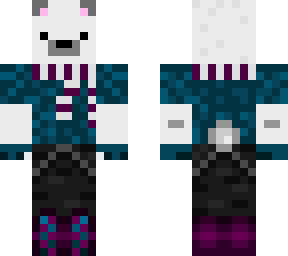 polar bear, cyan t-shirt, purple scarf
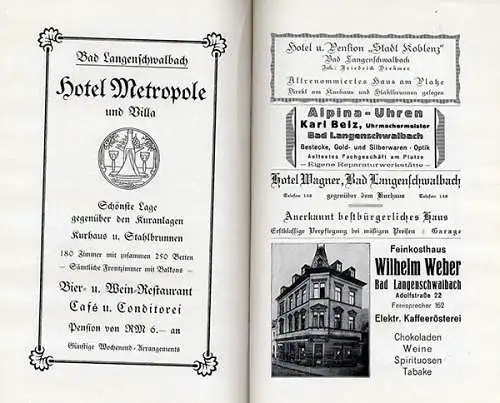 Hessen Taunus Bad Langenschwalbach Stadt Geschichte Reiseführer Festschrift 1927
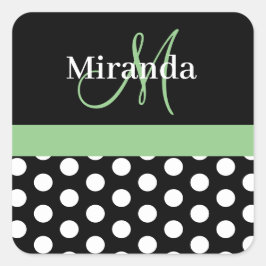 Green Schwarz-weiß Polka Dot Monogram Quadratischer Aufkleber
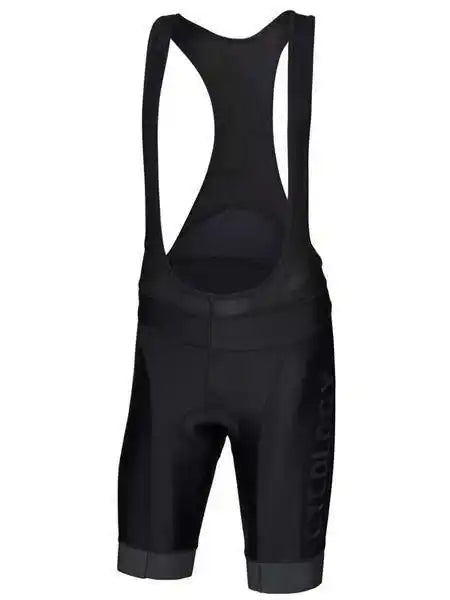 Black men's cycling bib shorts with padded seat and ergonomic design for comfort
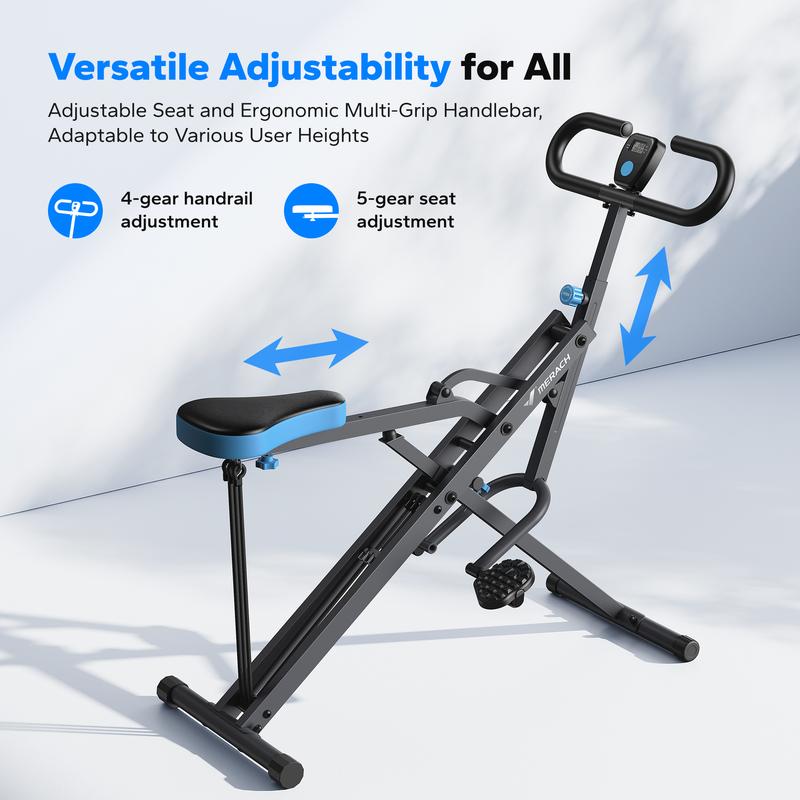 Squat Machine Glutes Workout Adjustable Resistance Foldable Exercise Equipment Leg Exercise Machine with 350lbs Weight Capacity, Rowing Machine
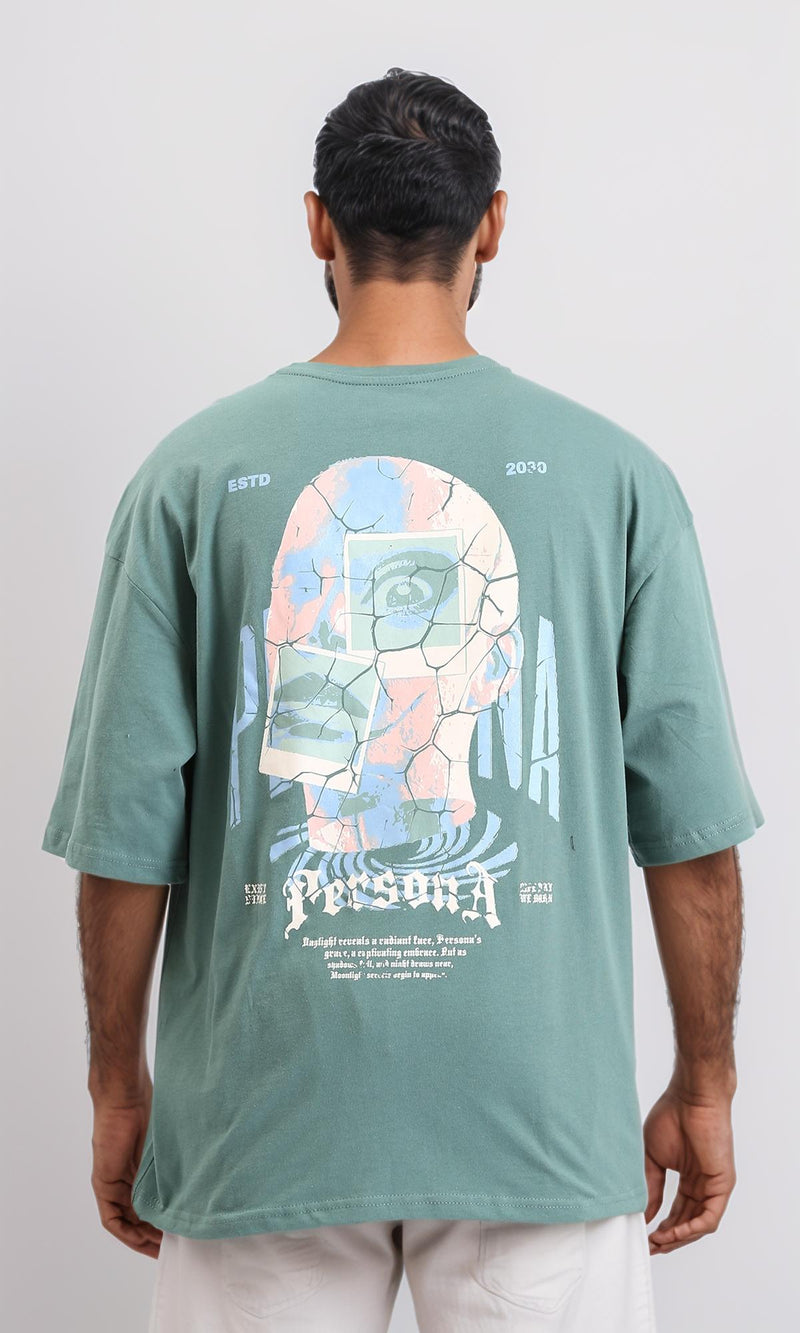 R209087 - Printed Loose Fit Slip On Tee - Dark Mint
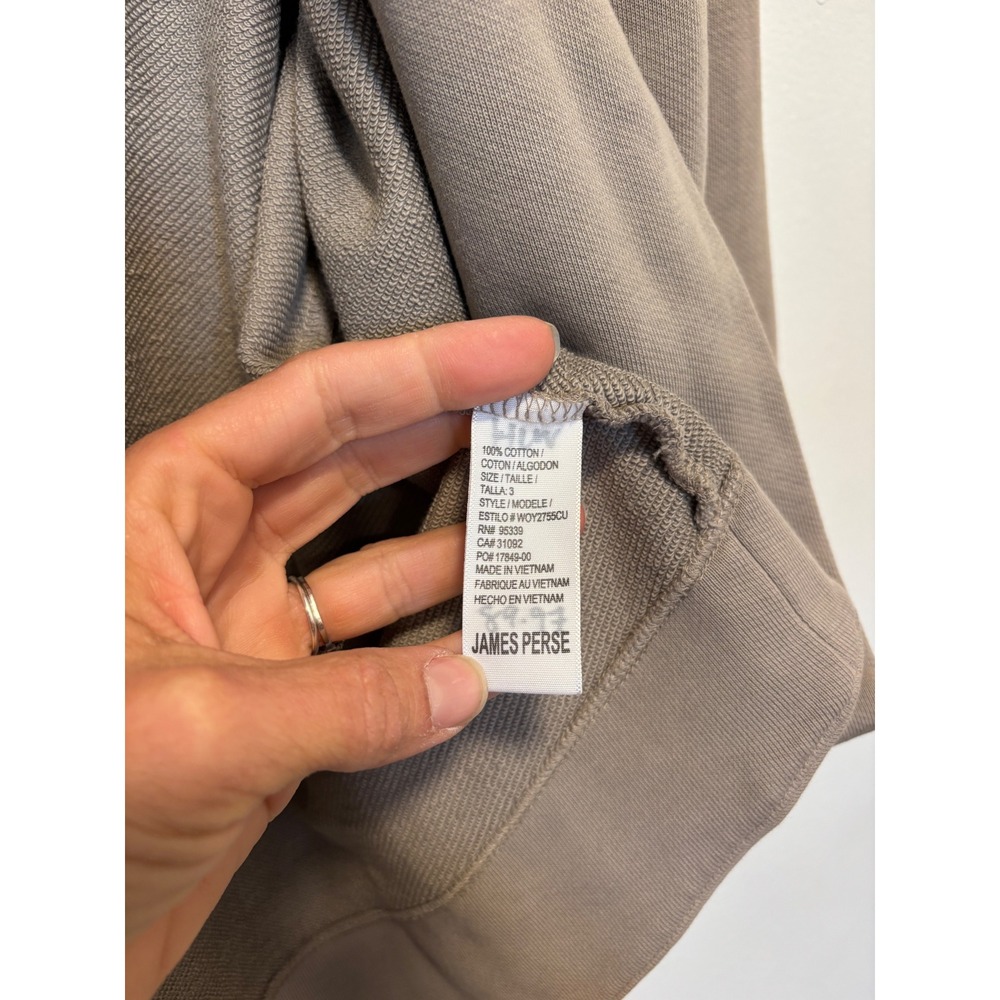 Standard James Perse Taupe Cotton Open‎ Front Hooded Sweatshirt Cardigan Size 3 - Picture 6 of 7
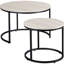 De 2 tables gigognes grises, rondes. Table basse empilable en métal. Table de salon à construction latérale stable, construction réglable à 2 tables en métal. Finition industrielle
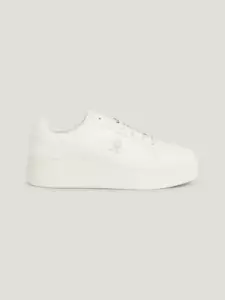 Tommy Hilfiger - Γυναικεία Δερμάτινα Sneakers Platform Court Nubuck FW0FW07912-YBL Εκρού
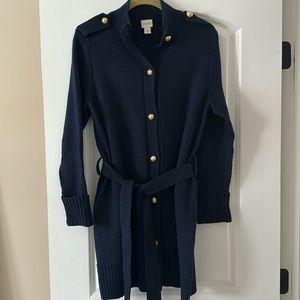 Chico’s Long cardigan (army style) with belt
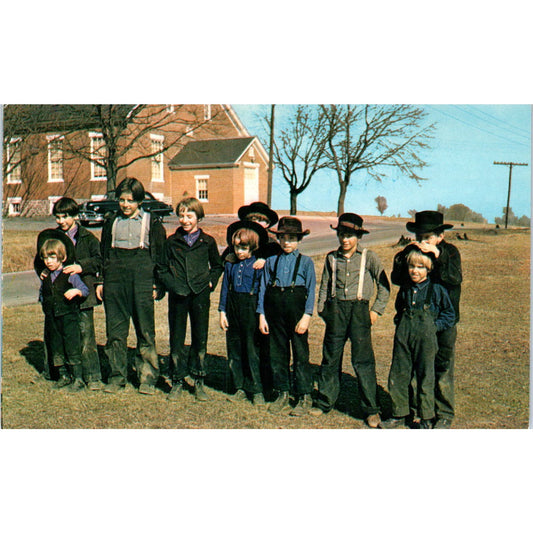 Amish Boys Standing in a Group Pennsylvania Dutch Country Postcard PD8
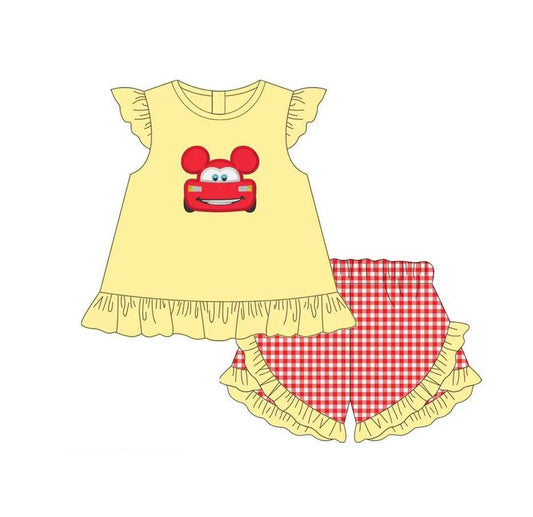 (Pre-order)GSSO0413 Cartoon Car Yellow Top Plaid Shorts Girls Summer Clothes Set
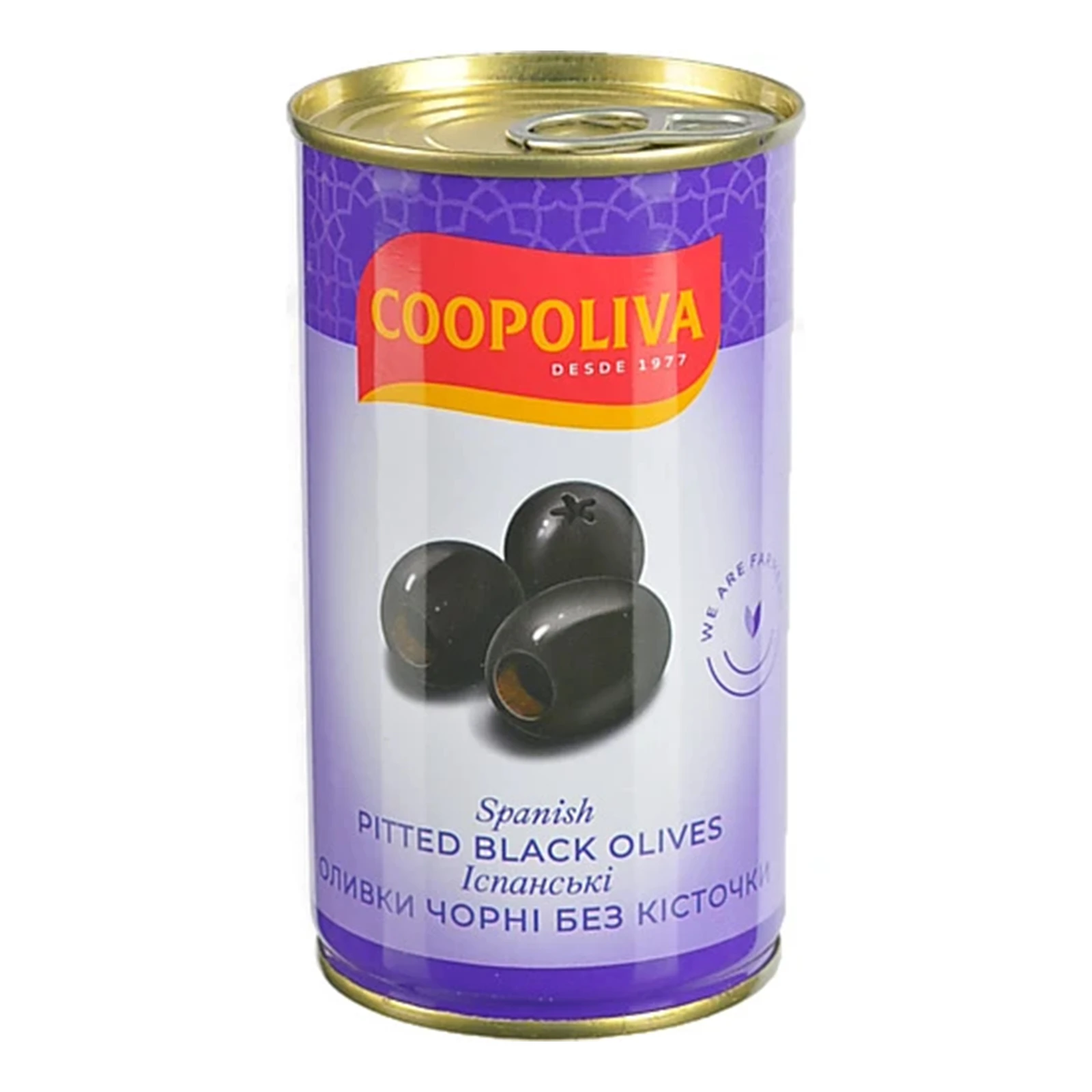 Оливки Coopoliva чорні без кісточки 350г Фото №:1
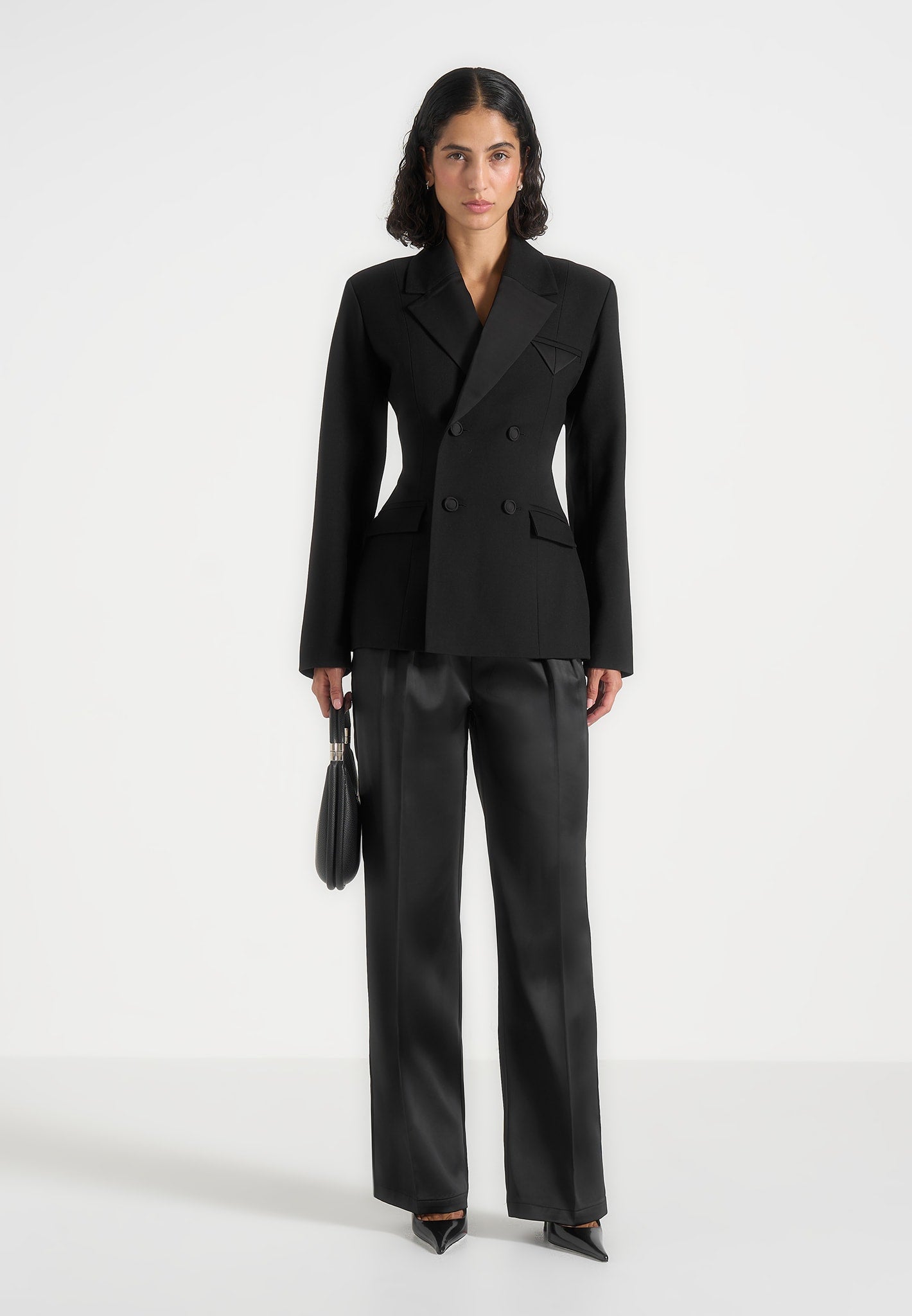 Maia - Double Breasted Satin Lapel Blazer Hourglass - Black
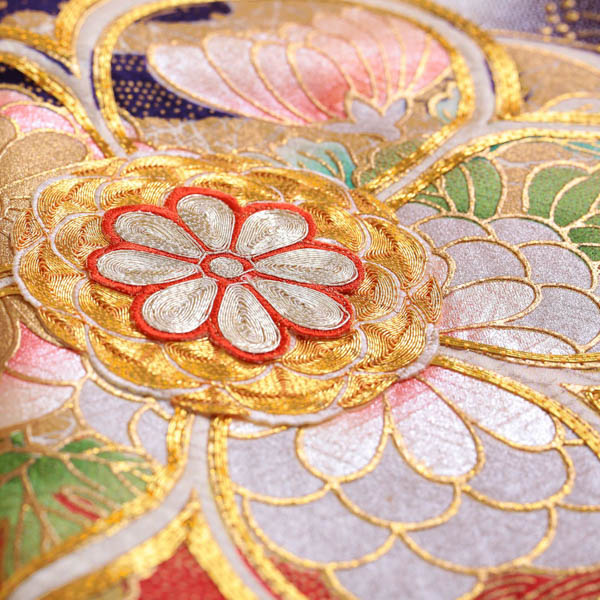 未仕立て 振袖 22点セット「オレンジ×紫 松竹梅桜藤に鶴」仮絵羽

§ Activity:
Working from the records above, set down word for word everything from the line containing "R209087 - Printed" down to the line containing "De 2 tables", ends included, minus the pictures.

§ Your response:
 R209087 - Printed Loose Fit Slip On Tee - Dark Mint
 Standard James Perse Taupe Cotton Open‎ Front Hooded Sweatshirt Cardigan Size 3 - Picture 6 of 7
 De 2 tables gigognes grises, rondes. Table basse empilable en métal. Table de salon à construction latérale stable, construction réglable à 2 tables en métal. Finition industrielle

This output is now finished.